What needs to be done: From the entries that follow, reproduce exactly and only the lines from the line with "Real Madrid beat" to the line with "День учителя торжественно", endpoints included.

Records supplied:
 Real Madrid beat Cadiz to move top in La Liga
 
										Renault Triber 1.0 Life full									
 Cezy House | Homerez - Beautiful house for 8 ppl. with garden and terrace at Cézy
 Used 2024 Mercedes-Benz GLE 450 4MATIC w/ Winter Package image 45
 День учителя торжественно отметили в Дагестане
==
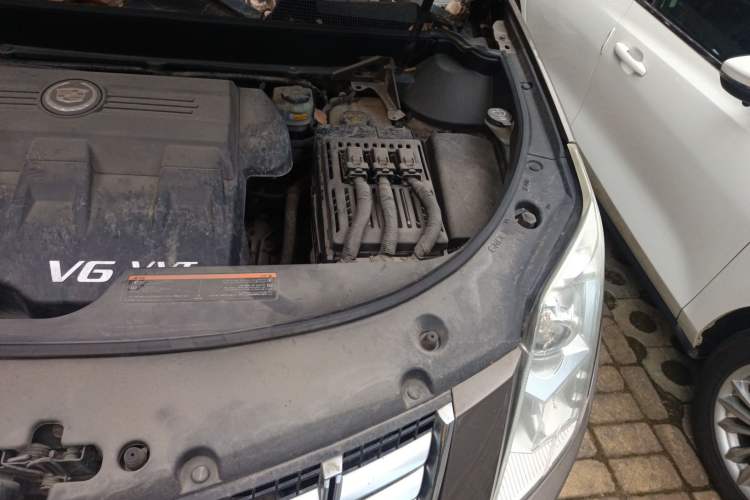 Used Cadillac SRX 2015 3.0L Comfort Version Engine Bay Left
--
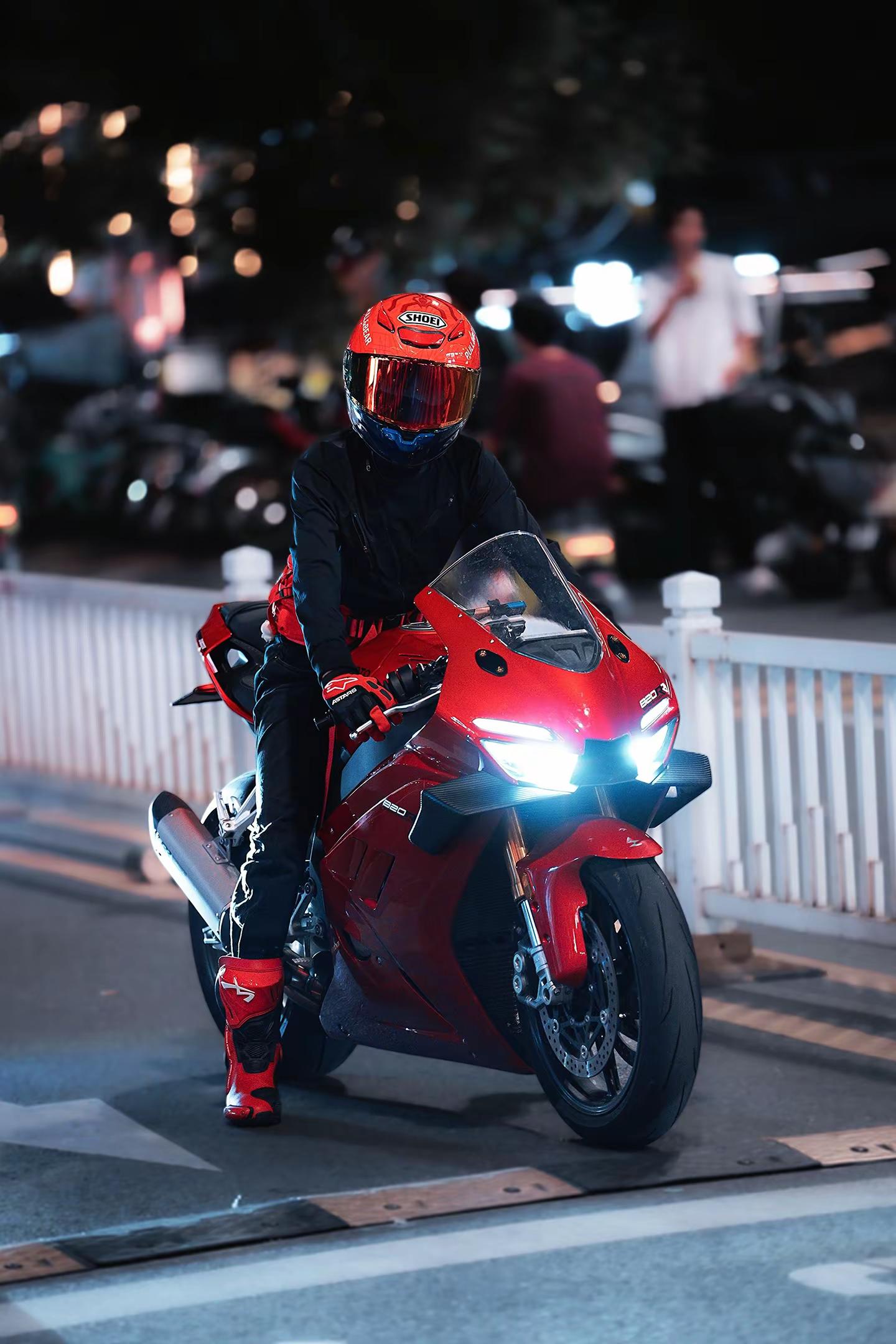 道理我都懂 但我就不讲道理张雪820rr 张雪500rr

Output of the exercise:
 Real Madrid beat Cadiz to move top in La Liga
 
										Renault Triber 1.0 Life full									
 Cezy House | Homerez - Beautiful house for 8 ppl. with garden and terrace at Cézy
 Used 2024 Mercedes-Benz GLE 450 4MATIC w/ Winter Package image 45
 День учителя торжественно отметили в Дагестане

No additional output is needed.